Re: [AD] Various tangents to distinguishing keyboards

[ Thread Index | Date Index | More lists.liballeg.org/allegro-developers Archives ]


Support for multiple keyboards or mice could be an interesting feature. I don't know however if it is even supported on the various platforms Allegro runs on. 

I would say the easier solution for you is to have your friends play on the same keyboard with different keys. Or teach them how to use joypads or joysticks. When they get used to joypads, they will find it is the more fun way of gaming.

If you really want to take on this feature, and all the work it entails, then I would say, you're welcome. Once you have some code, open a PR on github and we will guide you from there.

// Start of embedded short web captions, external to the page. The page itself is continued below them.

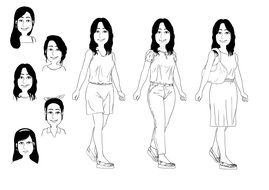 line art of women in clothes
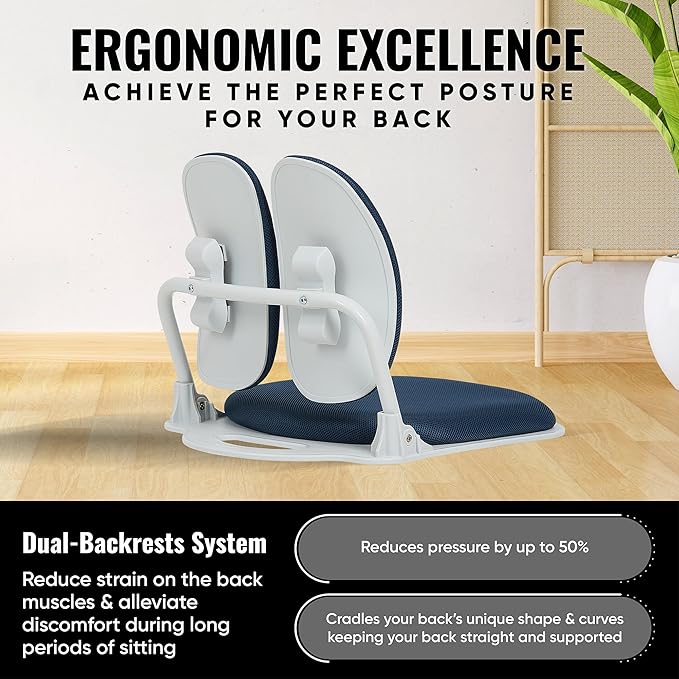 Made in Korea Dual-Backrests Ergonomic Floor Chair With Back Support - Meditation Gaming Reading Chair for Adults Foldable (Blue)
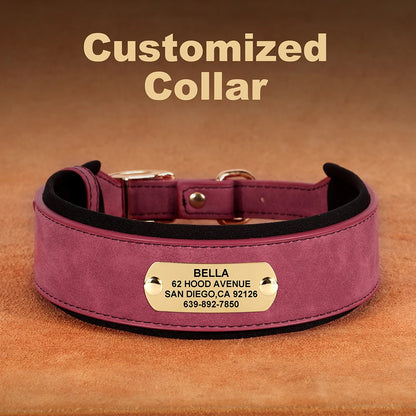 Customized Engraved Dog Collar Wide Leather Dog Collar Large Soft Padded Pet Dog Collars For Medium Large Dogs Free Engraving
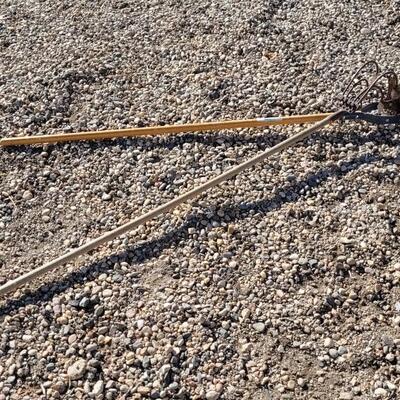 Lot 105: (2) Antique Vintage Wood Handle Rakes feat. AMES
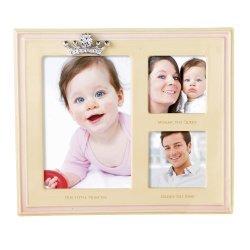 Grasslands Road Little Majesty Frame Our Little Princess Triple Opening Cream And Pink Ceramic 8 By 9-1 4-INCH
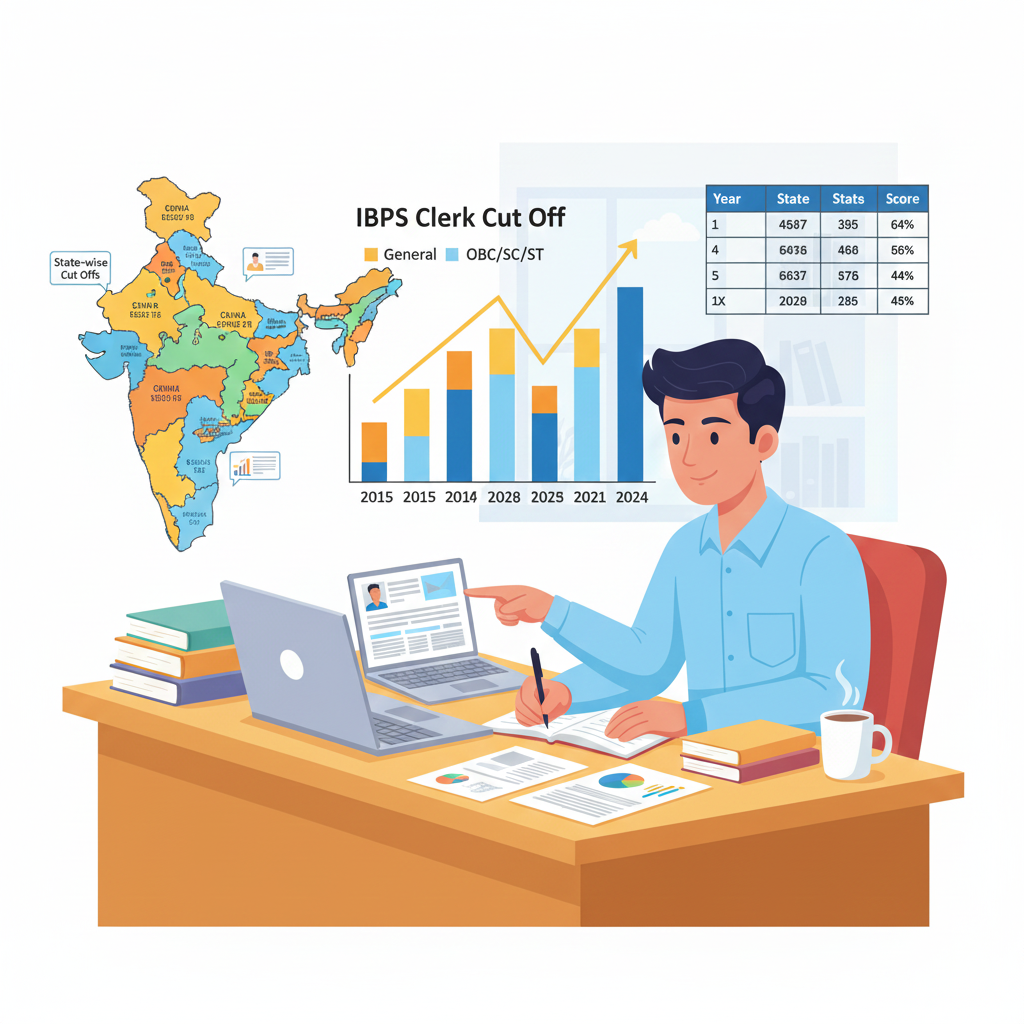 IBPS Clerk cut off 2015 to 2024 illustration with graphs, score trends and analysis visuals.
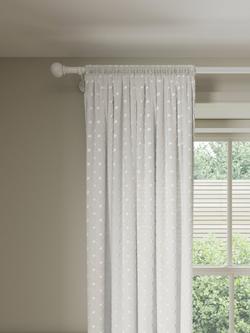 John Lewis Tufted Dot Voile Panel, White, White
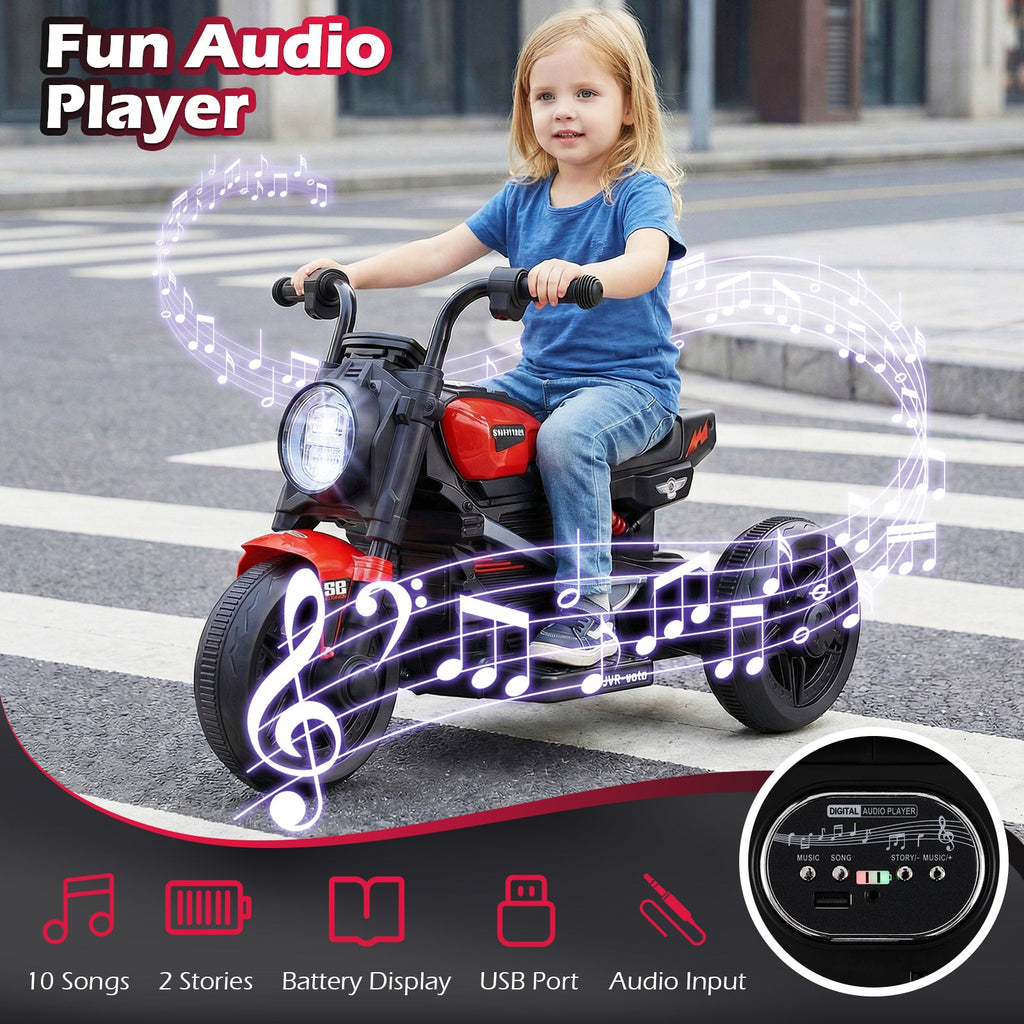 6V Kids Electric Motorcycle with LED Headlight & Music – Ages 3-5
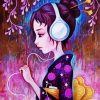 Girl Wearing Headphones paint by numbers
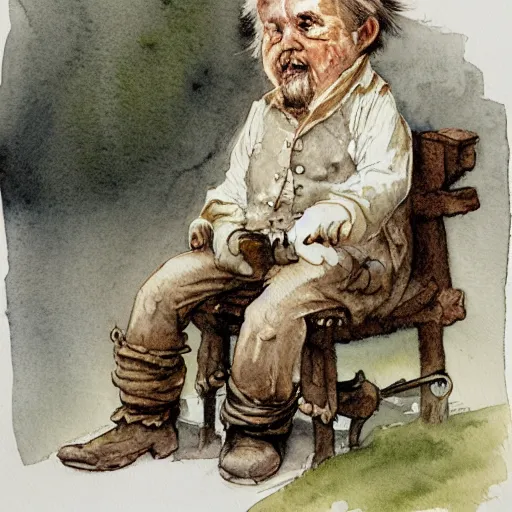 Image similar to a muted color watercolor sketch of a little person story book character ifrom the book Baltimore & Redingote by Jean-Baptiste Monge of an old man in the style of by Jean-Baptiste Monge that looks like its by Jean-Baptiste Monge and refencing Jean-Baptiste Monge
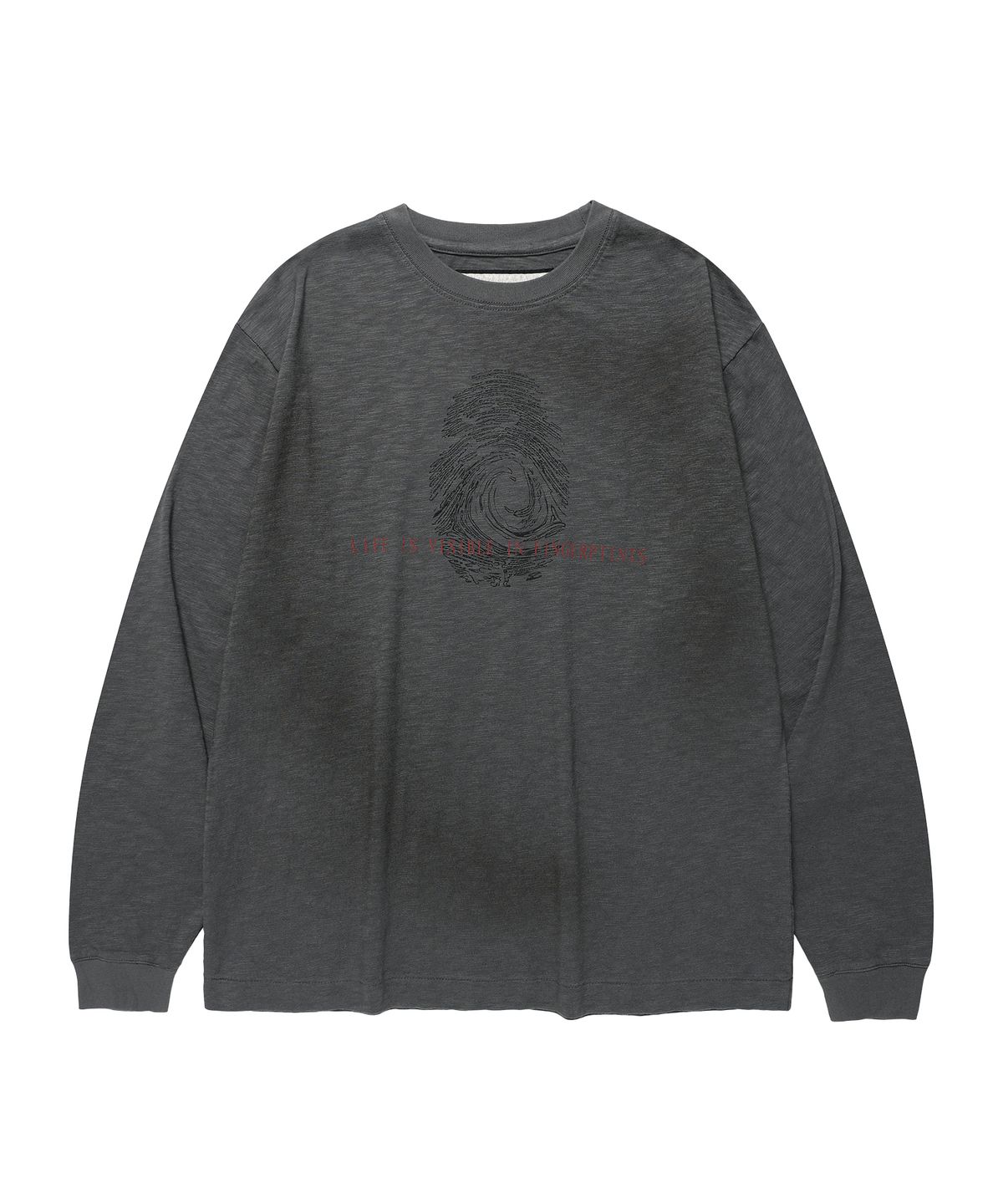 더바이닐하우스(THEVINYLHOUSE) FINGERPRINT SLUB LS TEE CHARCOAL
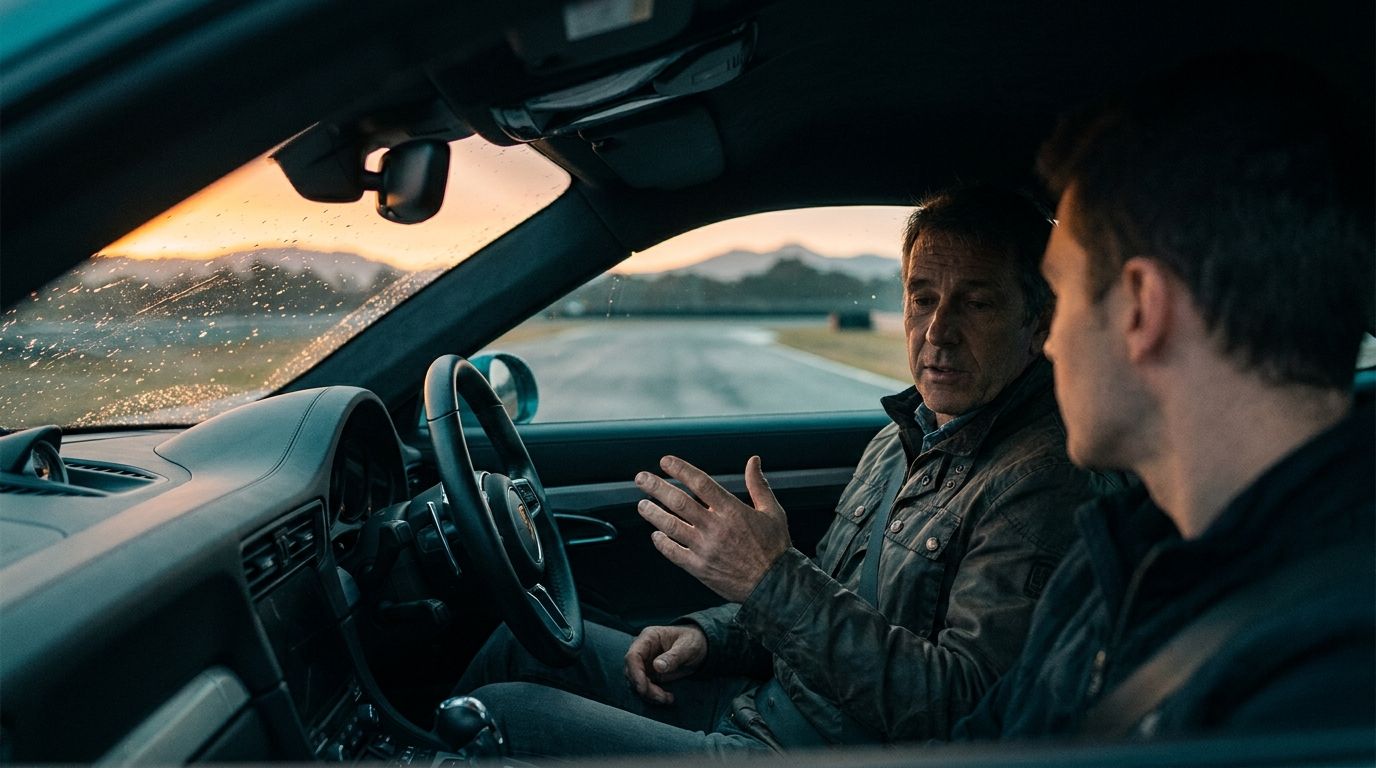 A driving instructor in the passenger seat explaining and gesturing to a trainee at the wheel of a training car at dawn, focused on teaching rather than driving.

On 28 Sep 2017 03:13, "S. J. Dobrowolski" <stan423@xxxxxxxxx> wrote:
Grettings, everyone.

Apologies if this is the wrong channel but it relates to source code of Allegro so I couldn't come up with anything more appropriate. (Also, please excuse any English errors.) I was considering modifying A5 for multiple mice and keyboards event input support - while distinguishing these devices, for clarity. Rationale: some of my friends and me don't like gamepads that much, but like the idea of local play with separate controllers. As a sidenote, I guess I'm more familiar with using A4, but my prototypes could use a rewrite, even if it means coding from scratch where I have used A4 bitmaps for game logic.

Based solely on web searches, on Windows, it appears some sort of hardware ID is part of "raw input" API event. On Linux, it appears that evdev API allows you to distinguish connected devices, but I'm not sure how that is supposed to cooperate with various layers of user protection and desktop stack. On MacOS... I frankly couldn't find good information. I don't have a Mac anyway, so trusting my Mac code even in the slightest would be a huge mistake.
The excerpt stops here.